Que capoeirista não se viu, em algum momento de sua formação, tentado a expressar, em poucas palavras, o que é a capoeira? Qual de nós nunca ouviu de alguém a pergunta: “Capoeira é luta ou é dança?”.
Cada vez que lidamos com situações dessa natureza enfrentamos o desafio de precisar traduzir em palavras o que talvez só quem frequenta rodas de verdade consiga sentir. Aquela sensação de que estamos no limiar entre o jogo e a luta; no exercício de um diálogo em que cada palavra, ou melhor, cada gesto, é determinante para o desenrolar da conversa. Qualquer movimento, intencional ou não, tem o poder de determinar o que se seguirá, fazendo com que o jogo seja o resultado de inúmeras variáveis e, em essência, imprevisível.

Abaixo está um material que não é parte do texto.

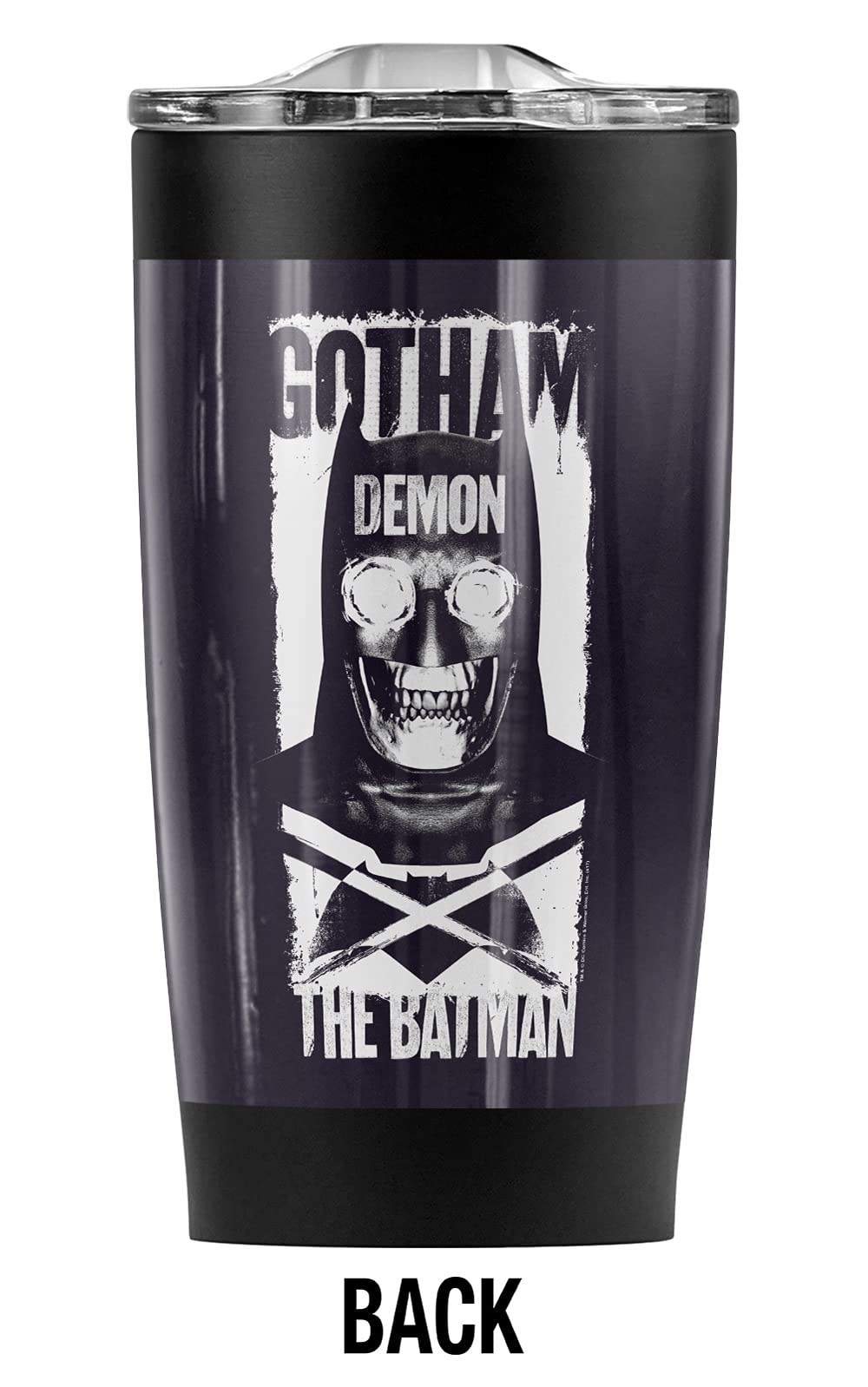 Batman vs Superman Demon Bat Stainless Steel Tumbler 20oz - Vacuum Insulated Travel Mug with Leakproof Lid - Keeps Hot & Cold for Hours - Perfect for Coffee, Tea, Iced Drinks at Home, Office or Gym
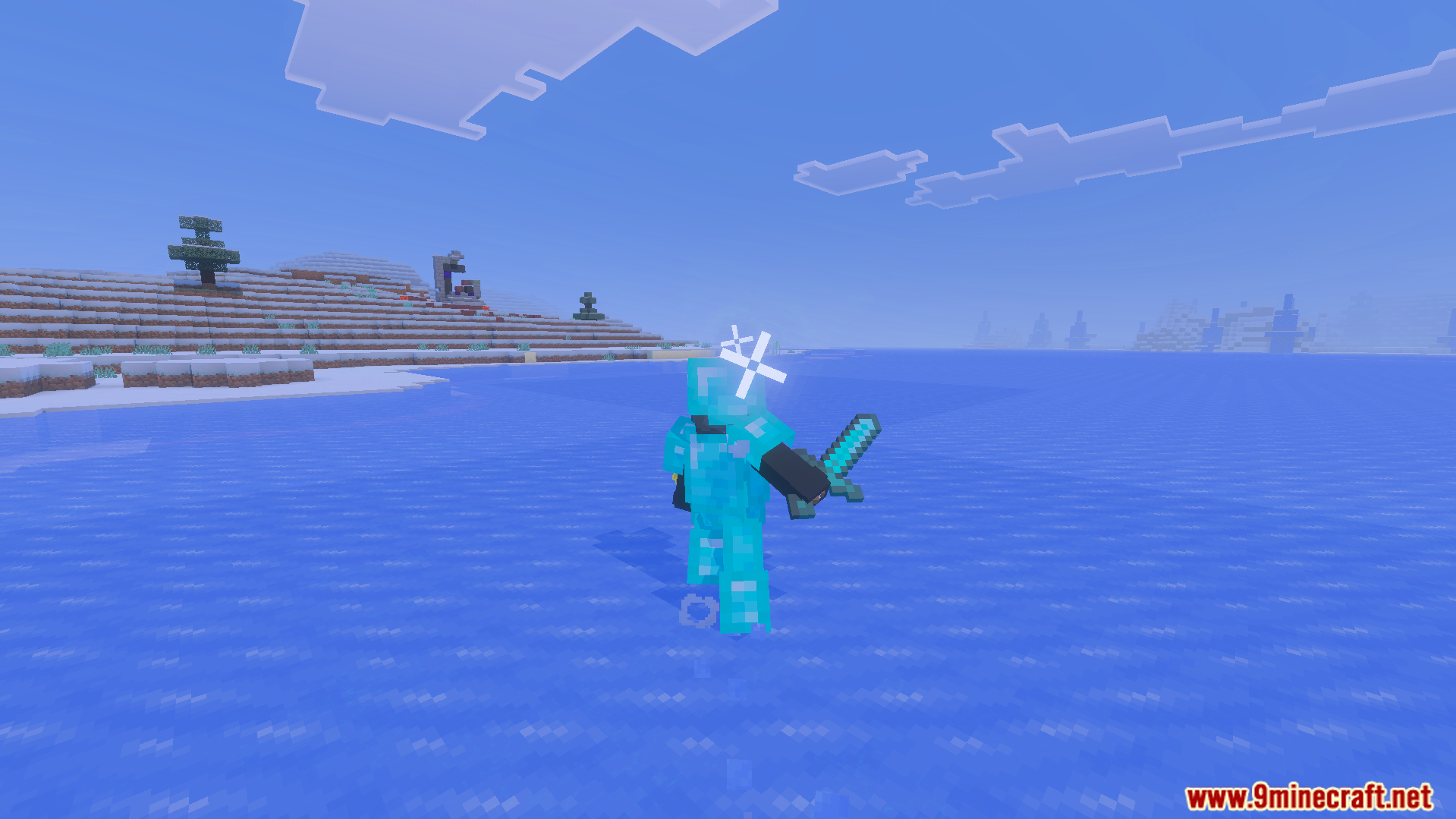 Player holding a diamond sword on ice showing custom white star particles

Nesse sentido, a capoeira, por sua própria natureza, representa uma negação da maioria dos padrões que regem nossas vidas. Se estamos em um mundo em que estão rigorosamente separados os momentos do trabalho e do lazer, da arte e da luta, da integração e do conflito, a capoeira surge para subverter essa ordem. Nela, as diferenças se integram, e arte e luta dividem o mesmo universo e o mesmo momento.
Não há dúvida de que essa característica, que integra os opostos e traz a dimensão da dança e do folguedo para todas as instâncias da vida, remete às heranças culturais africanas. Esse, um dos principais patrimônios que recebemos de nossos ancestrais, a capacidade de lidar com a realidade de maneira menos formal e planejada do que a maioria dos povos ocidentais. As matrizes africanas da capoeira nos legaram essa habilidade de navegar pelos contextos sociais e culturais, de transitar por cenários diferentes e, deles, extrair o que melhor se apresenta para nossas vidas.
Assim, quando tentamos explicar o que é capoeira, nossos comentários vão da simplicidade da descrição dos movimentos corporais da luta até o conteúdo místico e malicioso da capoeiragem. Passando pela poesia, pela ritualística e pelas cantigas que enchem nossas rodas de energia e significados. Outros já preferem explicar a capoeira por seus efeitos sobre aqueles que a praticam, por seu poder de qualificar e transformar os indivíduos.
Talvez essa dificuldade de definição, essa face mutável e intangível seja a verdadeira natureza, e riqueza, da nossa arte.